### ASSIGNMENT:
Extract from the entries below, exactly as given, only the lines from the line containing "Leopold FC660M PD" to the line containing "Cliquez pour zoomer", both lines included.

(EXERCISE INPUT begins)

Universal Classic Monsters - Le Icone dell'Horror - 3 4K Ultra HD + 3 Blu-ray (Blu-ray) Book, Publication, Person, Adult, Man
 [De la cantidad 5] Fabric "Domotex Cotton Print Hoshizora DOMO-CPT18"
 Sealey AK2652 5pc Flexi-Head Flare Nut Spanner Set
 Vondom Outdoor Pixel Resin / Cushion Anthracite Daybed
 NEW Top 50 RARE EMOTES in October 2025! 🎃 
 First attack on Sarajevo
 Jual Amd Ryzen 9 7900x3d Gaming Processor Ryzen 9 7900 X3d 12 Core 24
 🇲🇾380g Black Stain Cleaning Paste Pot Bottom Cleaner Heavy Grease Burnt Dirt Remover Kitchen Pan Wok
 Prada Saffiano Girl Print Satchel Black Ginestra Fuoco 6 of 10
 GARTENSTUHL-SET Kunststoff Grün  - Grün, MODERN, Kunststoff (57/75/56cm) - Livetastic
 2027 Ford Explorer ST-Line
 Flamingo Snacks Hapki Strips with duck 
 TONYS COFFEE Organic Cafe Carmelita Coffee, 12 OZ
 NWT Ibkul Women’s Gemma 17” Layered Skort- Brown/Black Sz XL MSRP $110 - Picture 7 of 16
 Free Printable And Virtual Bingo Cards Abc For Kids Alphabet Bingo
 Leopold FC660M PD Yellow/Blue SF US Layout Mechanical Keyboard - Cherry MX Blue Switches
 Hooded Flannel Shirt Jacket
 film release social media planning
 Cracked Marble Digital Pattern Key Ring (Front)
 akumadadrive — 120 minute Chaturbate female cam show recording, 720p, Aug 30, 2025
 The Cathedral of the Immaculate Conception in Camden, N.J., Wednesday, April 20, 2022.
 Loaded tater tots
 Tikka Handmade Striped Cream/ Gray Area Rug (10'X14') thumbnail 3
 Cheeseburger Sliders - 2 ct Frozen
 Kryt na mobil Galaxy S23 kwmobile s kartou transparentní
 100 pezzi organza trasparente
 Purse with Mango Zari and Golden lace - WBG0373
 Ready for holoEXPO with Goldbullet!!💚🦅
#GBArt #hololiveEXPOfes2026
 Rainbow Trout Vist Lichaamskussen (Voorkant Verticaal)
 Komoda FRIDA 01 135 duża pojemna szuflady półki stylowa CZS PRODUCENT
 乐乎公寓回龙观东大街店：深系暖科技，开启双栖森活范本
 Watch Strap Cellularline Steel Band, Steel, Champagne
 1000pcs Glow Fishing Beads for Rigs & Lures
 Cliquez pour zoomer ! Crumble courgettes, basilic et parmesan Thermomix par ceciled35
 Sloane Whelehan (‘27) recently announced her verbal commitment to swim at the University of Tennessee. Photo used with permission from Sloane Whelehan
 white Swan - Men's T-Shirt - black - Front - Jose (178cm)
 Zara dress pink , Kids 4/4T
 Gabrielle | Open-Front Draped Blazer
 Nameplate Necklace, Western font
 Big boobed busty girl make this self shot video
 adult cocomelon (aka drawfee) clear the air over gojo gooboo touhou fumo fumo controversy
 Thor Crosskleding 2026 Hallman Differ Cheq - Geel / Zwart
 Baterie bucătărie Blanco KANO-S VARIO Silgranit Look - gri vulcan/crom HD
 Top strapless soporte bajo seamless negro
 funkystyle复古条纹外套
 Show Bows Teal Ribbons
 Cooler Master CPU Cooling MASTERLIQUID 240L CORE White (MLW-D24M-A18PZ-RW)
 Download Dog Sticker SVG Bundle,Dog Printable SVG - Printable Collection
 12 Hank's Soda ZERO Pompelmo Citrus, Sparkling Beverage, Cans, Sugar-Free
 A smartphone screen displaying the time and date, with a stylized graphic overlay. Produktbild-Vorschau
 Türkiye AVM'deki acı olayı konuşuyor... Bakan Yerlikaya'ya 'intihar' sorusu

(EXERCISE INPUT ends)

### SOLUTION FOR THIS EXERCISE:
 Leopold FC660M PD Yellow/Blue SF US Layout Mechanical Keyboard - Cherry MX Blue Switches
 Hooded Flannel Shirt Jacket
 film release social media planning
 Cracked Marble Digital Pattern Key Ring (Front)
 akumadadrive — 120 minute Chaturbate female cam show recording, 720p, Aug 30, 2025
 The Cathedral of the Immaculate Conception in Camden, N.J., Wednesday, April 20, 2022.
 Loaded tater tots
 Tikka Handmade Striped Cream/ Gray Area Rug (10'X14') thumbnail 3
 Cheeseburger Sliders - 2 ct Frozen
 Kryt na mobil Galaxy S23 kwmobile s kartou transparentní
 100 pezzi organza trasparente
 Purse with Mango Zari and Golden lace - WBG0373
 Ready for holoEXPO with Goldbullet!!💚🦅
#GBArt #hololiveEXPOfes2026
 Rainbow Trout Vist Lichaamskussen (Voorkant Verticaal)
 Komoda FRIDA 01 135 duża pojemna szuflady półki stylowa CZS PRODUCENT
 乐乎公寓回龙观东大街店：深系暖科技，开启双栖森活范本
 Watch Strap Cellularline Steel Band, Steel, Champagne
 1000pcs Glow Fishing Beads for Rigs & Lures
 Cliquez pour zoomer ! Crumble courgettes, basilic et parmesan Thermomix par ceciled35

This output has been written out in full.